Amiable stars put 'Admission' on the wait list
05:00 AM, Mar 21, 2013
The cutthroat and often baffling process of getting into the elite school of one’s choice should lend itself to comedic exploitation of the highest grade.
Unfortunately, Admission (* *1/2 out of four; rated PG-13; opens Friday nationwide) settles for being a genial, predictable and ultimately forgettable romantic comedy.
Tina Fey’s character is a puzzle. She play Portia Nathan, a driven and humorless admissions officer at Princeton. Yet, fairly often she pops off with comic zingers worthy of Liz Lemon, her sassy 30 Rock character. It’s tough to get a firm sense of who she really is: a hard-nosed Ivy League gatekeeper? An emotionally-buffeted lost soul? A sardonic observer?

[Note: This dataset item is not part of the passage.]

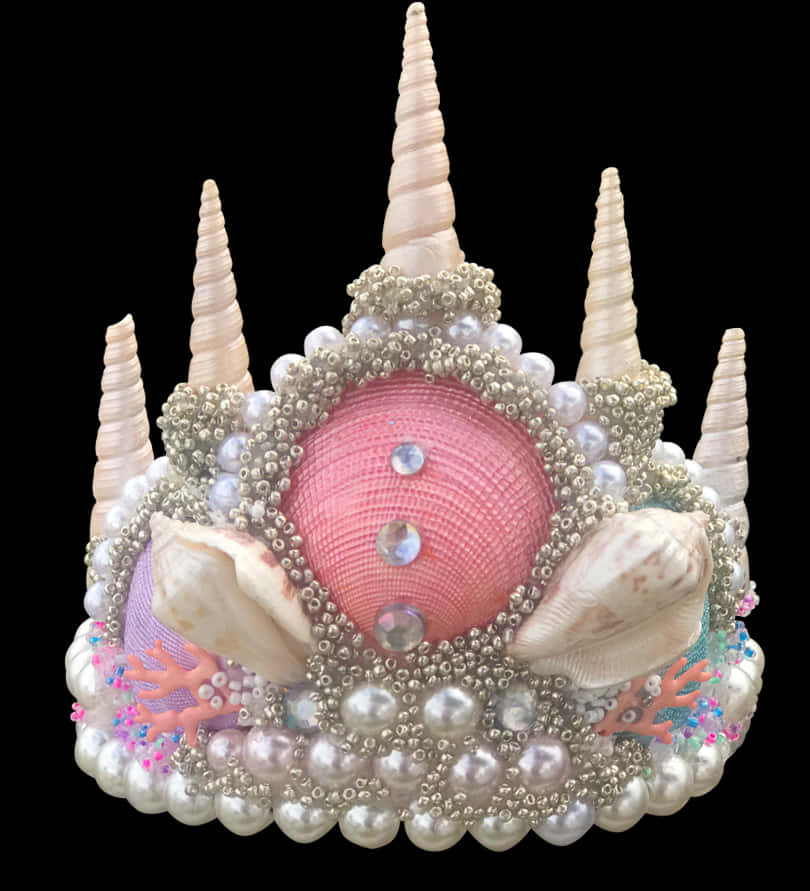 A Crown With Seashells And Pearls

While it’s certainly possible to encompass all those facets, her character seems to switch jarringly among personas. Consequently, the comic tone of the film seems jumbled. The serious issues it raises the state of university education and the complexity of parent-child relationships feel like props inserted into humorous settings.
Portia lives with Mark (Michael Sheen), a smarmy English professor who reads Chaucer aloud and treats her more like a loyal Labrador than a woman he desires. When that relationship falls apart, Portia is a basket case. She turns to her mother (Lily Tomlin), a free-spirited writer who’s an odd amalgam of trigger-happy feminist and New Age philosophizer, but finds little solace.
Things grow more complicated when Portia encounters former Dartmouth classmate John Pressman (Paul Rudd), the easygoing founder of New Quest, an alternative high school. While Rudd is thoroughly likable, he and Fey lack the requisite chemistry to make audiences care about whether they become a couple.
John is angling for Portia to accept Jeremiah (Nat Wolff), a super-smart but unconventional New Quest student. A subplot involving Jeremiah’s connection to Portia is an intriguing detour.
John and Portia would seem to be polar opposites, which is why we know they must attract. She’s been in the same job for 16 year and doesn’t want children. He’s traveled the world and in the process adopted Nelson (Travaris Spears), a Ugandan orphan.
Portia is a cool customer, strict and uncompromising. Yet after meeting John her composure is upended. Inappropriate kisses, uncontrollable tears, calf birthing and public vomiting ensue. Professional ethics fly out the window. The comedy grows more forced as she grows looser, though there is a clever scene in which Portia and her fellow officers discuss the files of diverse candidates. The students make a fantasy appearance, then drop unceremoniously through a trapdoor in the floor.
It’s as if director Paul Weitz couldn’t decide whether he was making a broad comedy or a wry satire. Weitz has had a nimble touch with comedies such as the undervalued American Dreamz and a superb adaptation of Nick Hornby’s About a Boy. This tale, based on Jean Hanff Korelitz’s book, might not have been the best match of material and director.
For a more compelling take on a similar subject, check out a little-seen gem from last year called Liberal Arts.
Largely because of its engaging cast, Admission is an amiable, but only slightly-above-average, comic romp.